» THE PROBLEM: Give a faithful, exact copy of all entries, minus the images.
(TASK DATA begins)
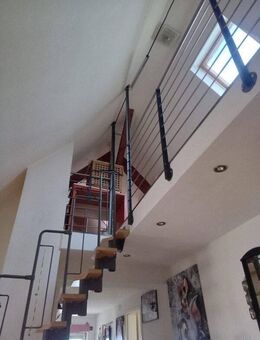 Charmante 3,5-Zimmer-Galeriewohnung in Frankenthal - Frankenthal (Pfalz)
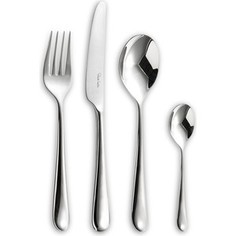 Набор столовых приборов 24 предмета Robert Welch Kingham Bright (KIGBR1099V/24)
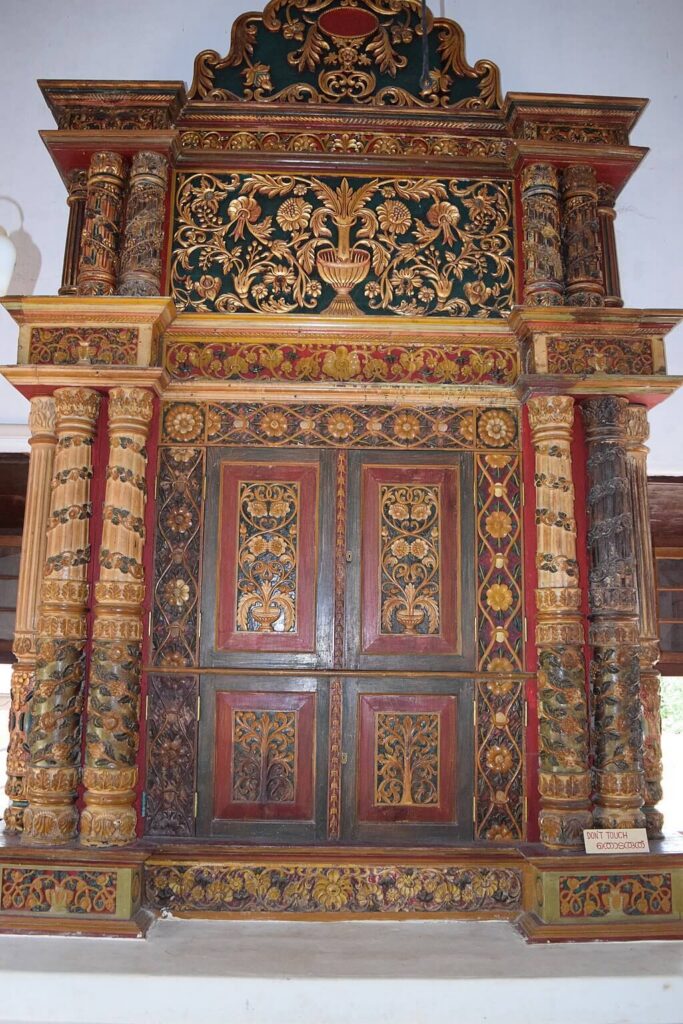 Chendamangalam Synagogue and Museum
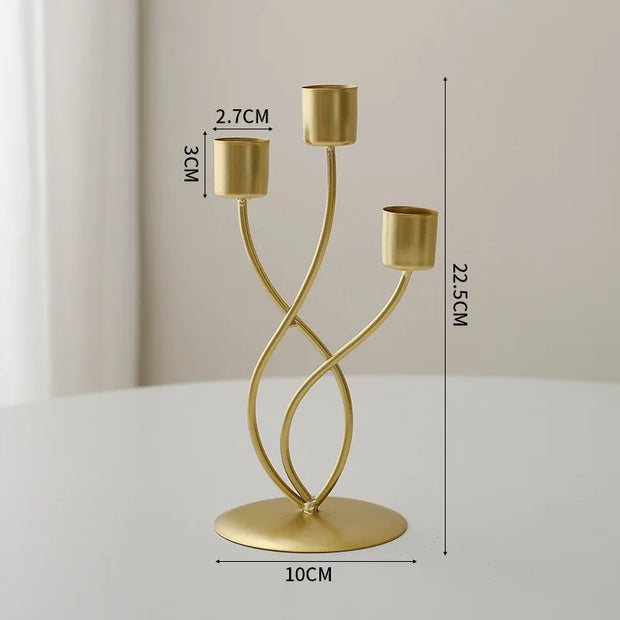 Nordic Candle Holder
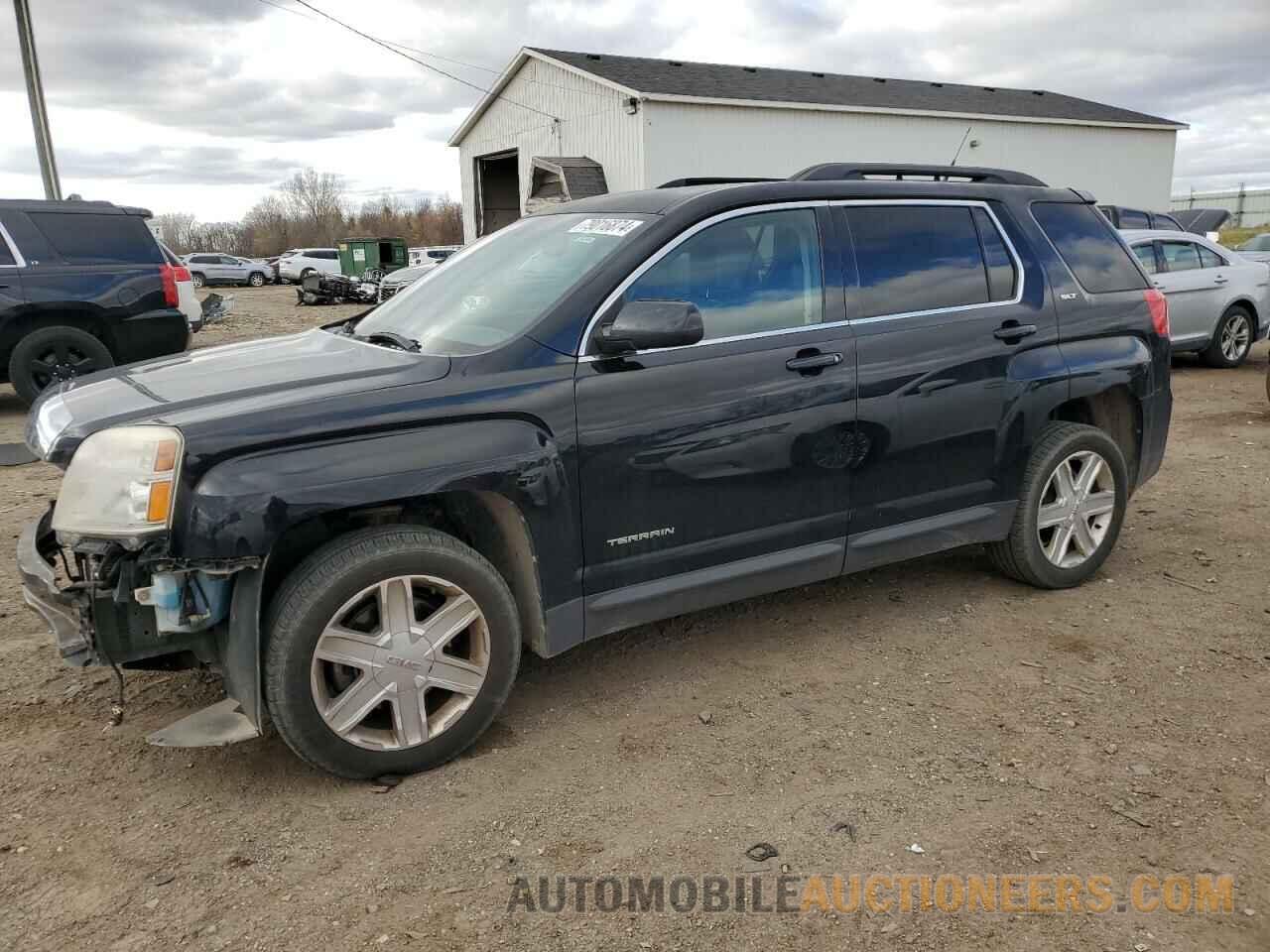 2CTALUEC5B6476619 GMC TERRAIN 2011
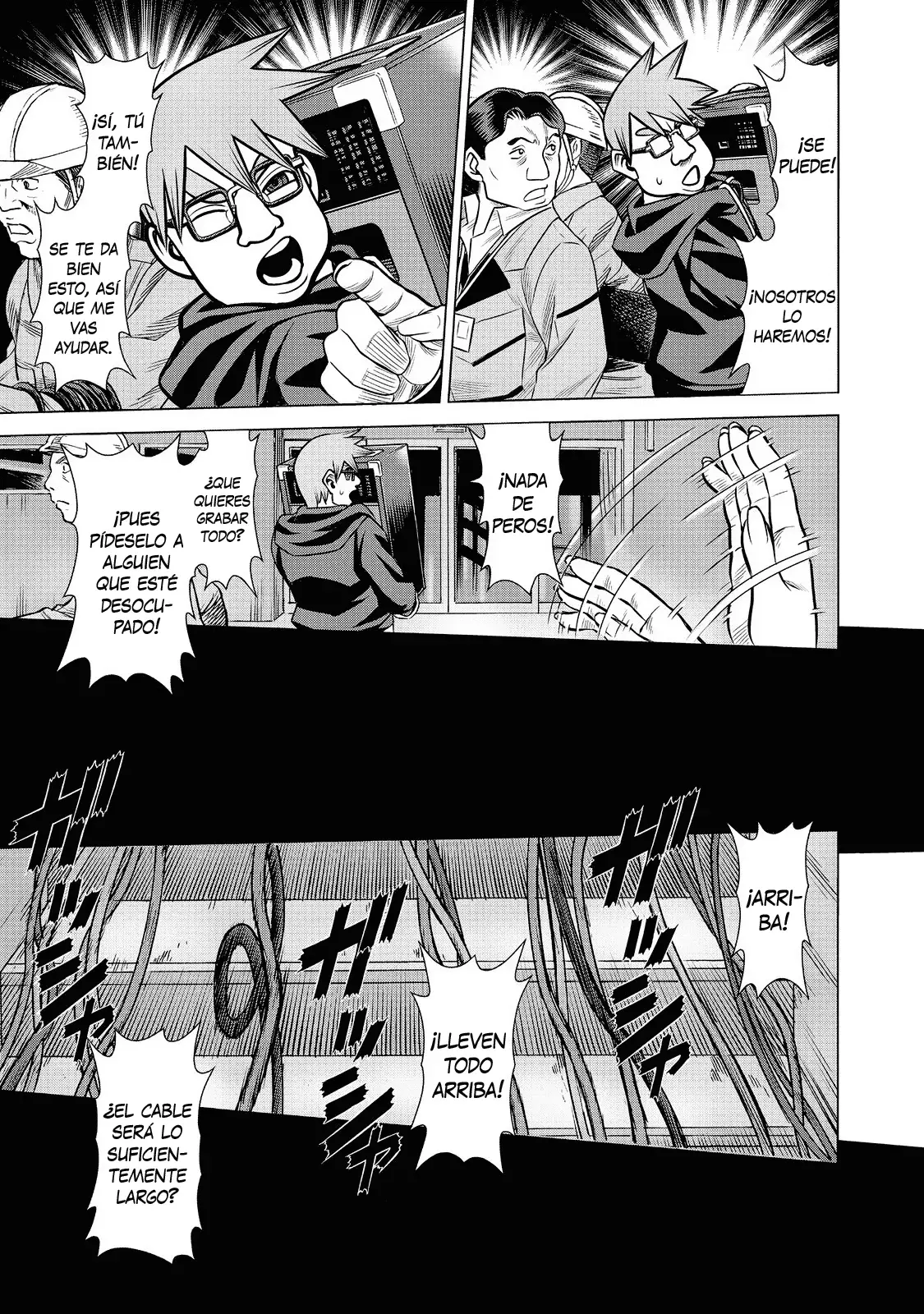 Dance in the Vampire Bund A.S.O capítulo 65 página 22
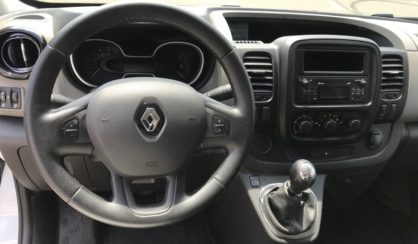 Renault Trafic груз. 2015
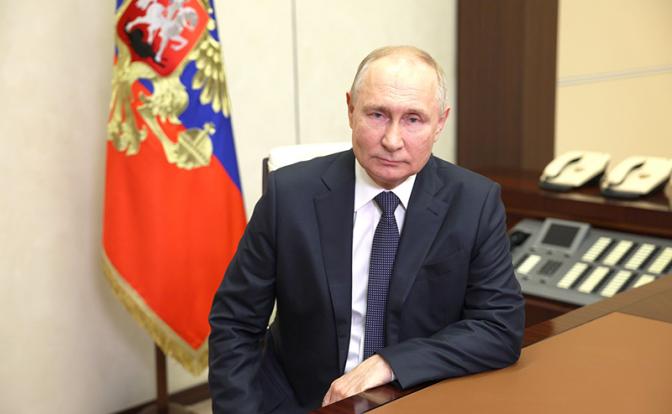 Путин утвердил поправки, уточняющие положения о выборах президента РФ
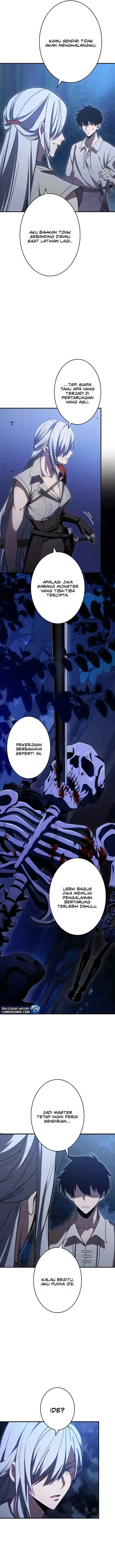 The Dark Swordsman Returns chapter 5 halaman 4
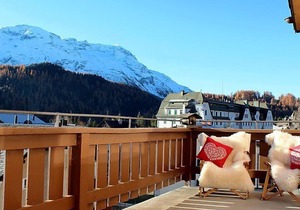 Apartment Chesa Villasimius in Celerina - 7 persons, 3 bedrooms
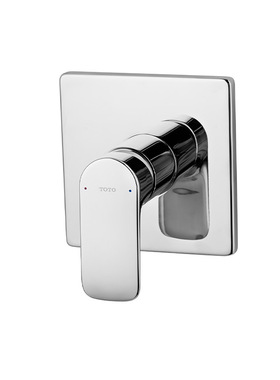 TOTO花洒混水阀TBG03304B/TBG04303BA淋浴单把手调节阀卫浴配件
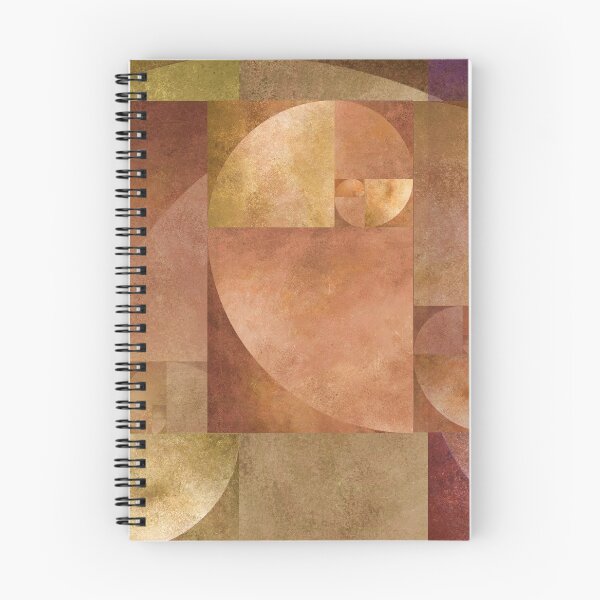 Item preview, Golden ratio, Fibonacci Spiral Composition designed and sold by SymbolGrafix.
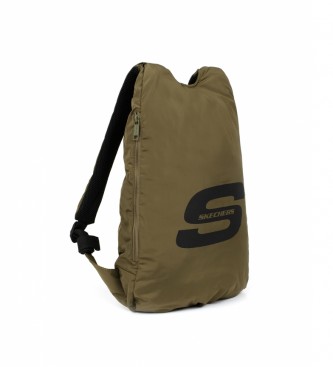 Skechers Olympic Backpack green -49,5x33,5x1cm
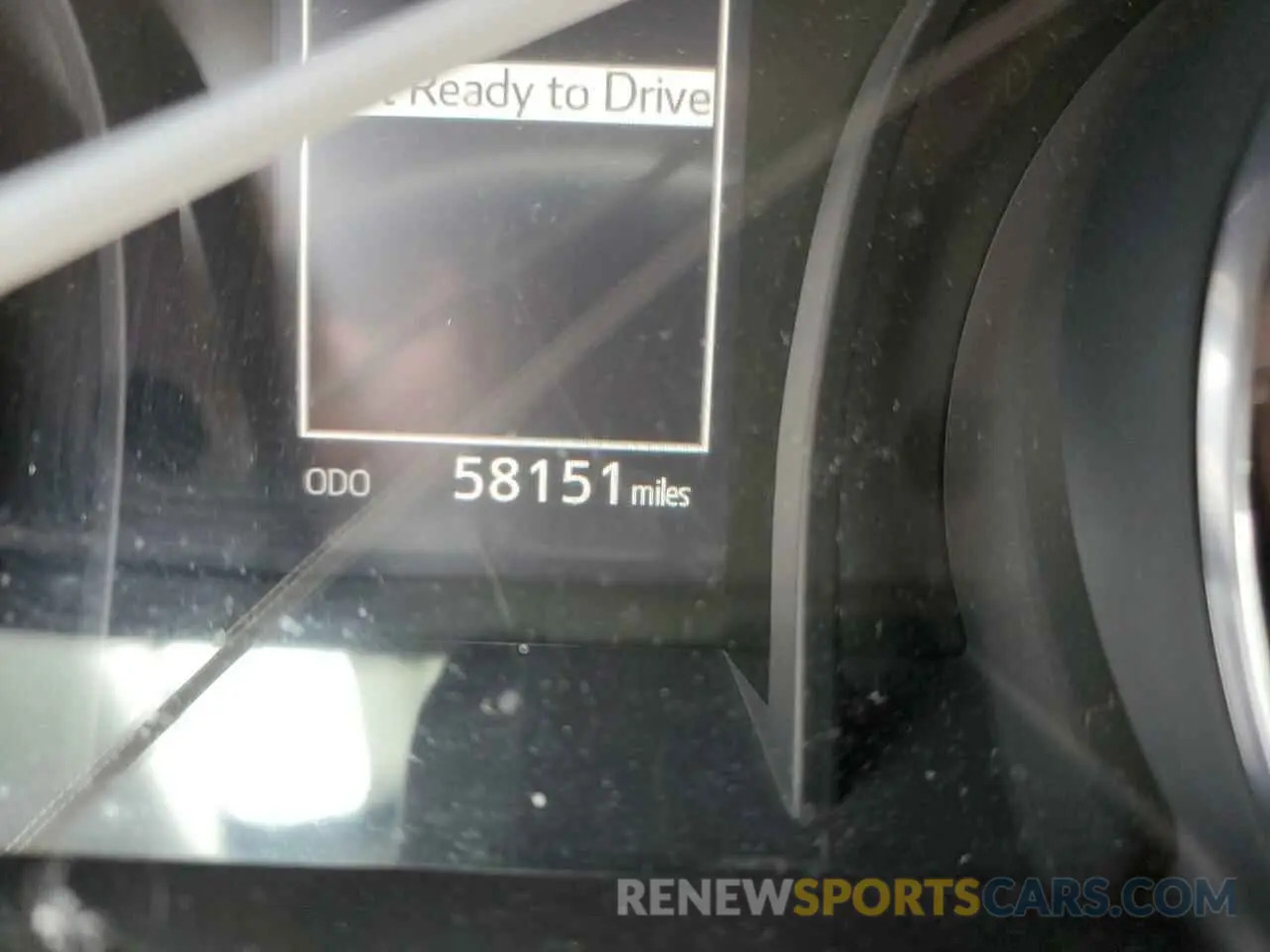 8 Photograph of a damaged car 4T1B11HK4KU246610 TOYOTA CAMRY 2019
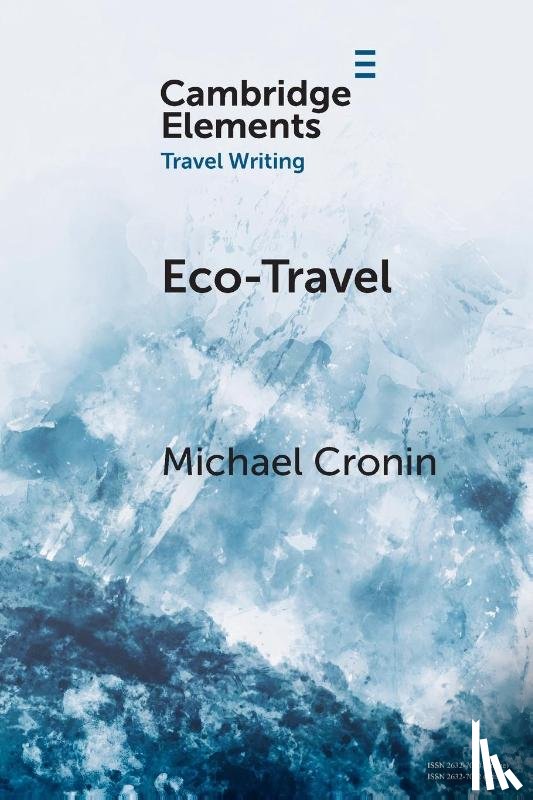 Cronin, Michael (Trinity College Dublin) - Eco-Travel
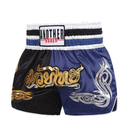 Men Women Splice Boxing Muay Thai Shorts Training Fighting Costume - AwwwCos
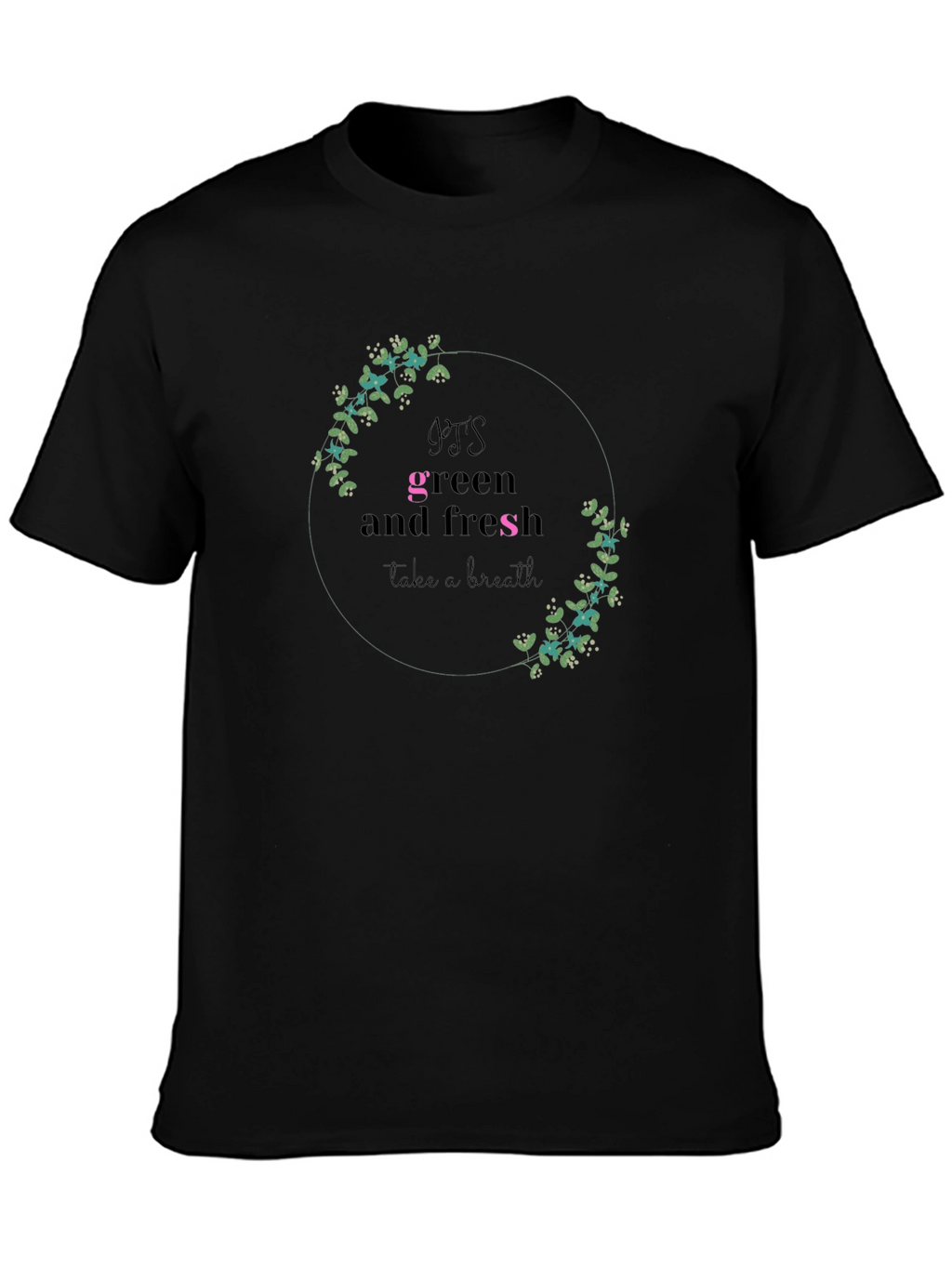 Nature Inspired T-Shirt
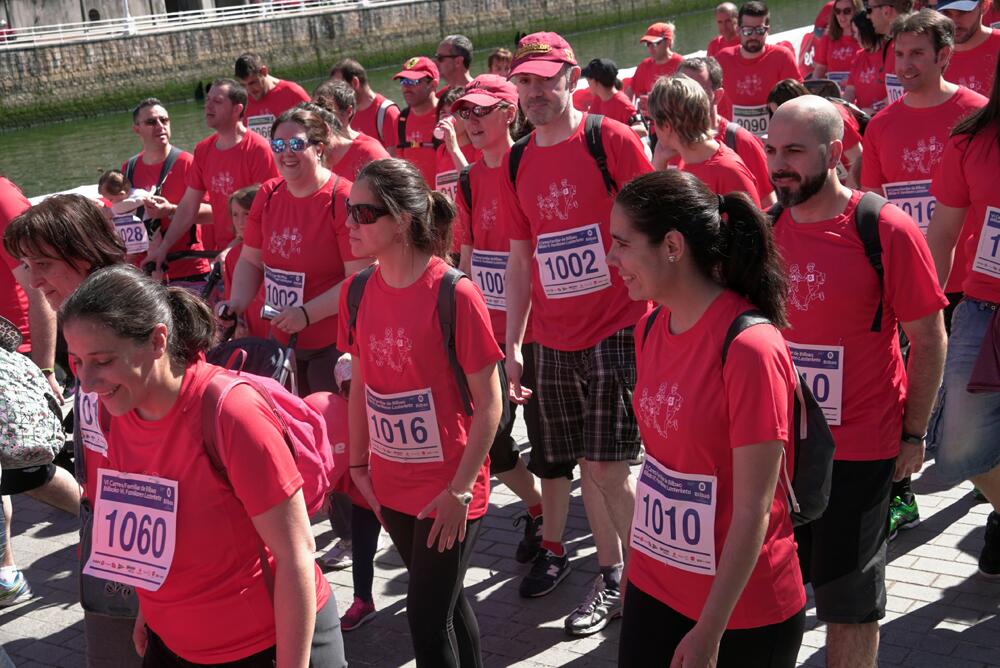 Foto 283 de la Carrera Familiar de Bilbao 2017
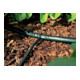 GEKA Raccord goutte à goutte en T réducteur 16 mm à 6 mm 5x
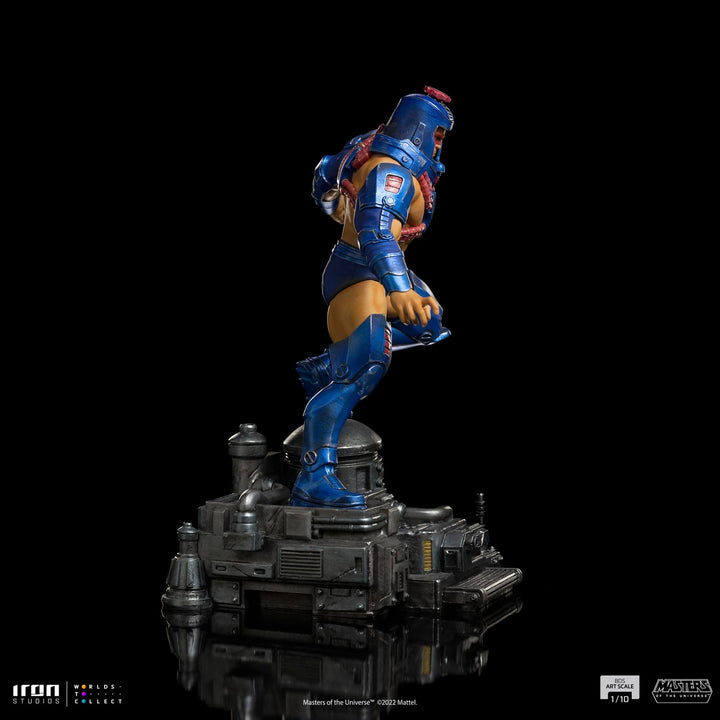 [Pre-Order] Iron Studios - Beast Man BDS - Masters of the Universe -Art Scale 1/10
(TASK DATA ends)
» OUTPUT OF THE EXERCISE:
 Charmante 3,5-Zimmer-Galeriewohnung in Frankenthal - Frankenthal (Pfalz)
 Набор столовых приборов 24 предмета Robert Welch Kingham Bright (KIGBR1099V/24)
 Chendamangalam Synagogue and Museum
 Nordic Candle Holder
 2CTALUEC5B6476619 GMC TERRAIN 2011
 Dance in the Vampire Bund A.S.O capítulo 65 página 22
 Renault Trafic груз. 2015
 Путин утвердил поправки, уточняющие положения о выборах президента РФ
 The Dark Swordsman Returns chapter 5 halaman 4
 Apartment Chesa Villasimius in Celerina - 7 persons, 3 bedrooms
 TOTO花洒混水阀TBG03304B/TBG04303BA淋浴单把手调节阀卫浴配件
 Item preview, Golden ratio, Fibonacci Spiral Composition designed and sold by SymbolGrafix.
 Skechers Olympic Backpack green -49,5x33,5x1cm
 8 Photograph of a damaged car 4T1B11HK4KU246610 TOYOTA CAMRY 2019
 Cronin, Michael (Trinity College Dublin) - Eco-Travel
 Men Women Splice Boxing Muay Thai Shorts Training Fighting Costume - AwwwCos
 Nature Inspired T-Shirt
 Foto 283 de la Carrera Familiar de Bilbao 2017
 GEKA Raccord goutte à goutte en T réducteur 16 mm à 6 mm 5x
 [Pre-Order] Iron Studios - Beast Man BDS - Masters of the Universe -Art Scale 1/10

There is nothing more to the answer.